GOAL OF THE EXERCISE: What lines in the records below contain the string "Pink"? Copy every one.

SUPPLIED MATERIAL:
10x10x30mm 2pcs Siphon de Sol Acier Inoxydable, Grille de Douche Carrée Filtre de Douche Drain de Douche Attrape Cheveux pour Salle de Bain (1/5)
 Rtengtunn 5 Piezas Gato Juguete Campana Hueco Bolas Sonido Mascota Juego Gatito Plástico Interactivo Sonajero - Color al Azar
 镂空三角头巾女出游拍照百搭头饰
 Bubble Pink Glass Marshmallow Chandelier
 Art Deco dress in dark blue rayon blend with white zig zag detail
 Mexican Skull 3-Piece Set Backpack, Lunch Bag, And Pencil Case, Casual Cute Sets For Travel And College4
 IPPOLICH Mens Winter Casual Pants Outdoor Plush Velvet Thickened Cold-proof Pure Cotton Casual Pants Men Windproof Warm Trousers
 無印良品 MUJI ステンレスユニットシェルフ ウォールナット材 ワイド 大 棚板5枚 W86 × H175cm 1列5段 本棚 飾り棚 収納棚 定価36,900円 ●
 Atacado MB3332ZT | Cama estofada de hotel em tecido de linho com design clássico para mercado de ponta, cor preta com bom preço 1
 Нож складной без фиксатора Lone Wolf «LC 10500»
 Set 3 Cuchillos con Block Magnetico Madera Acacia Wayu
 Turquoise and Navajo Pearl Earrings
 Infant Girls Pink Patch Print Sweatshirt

SOLUTION TO THE PROBLEM:
 Bubble Pink Glass Marshmallow Chandelier
 Infant Girls Pink Patch Print Sweatshirt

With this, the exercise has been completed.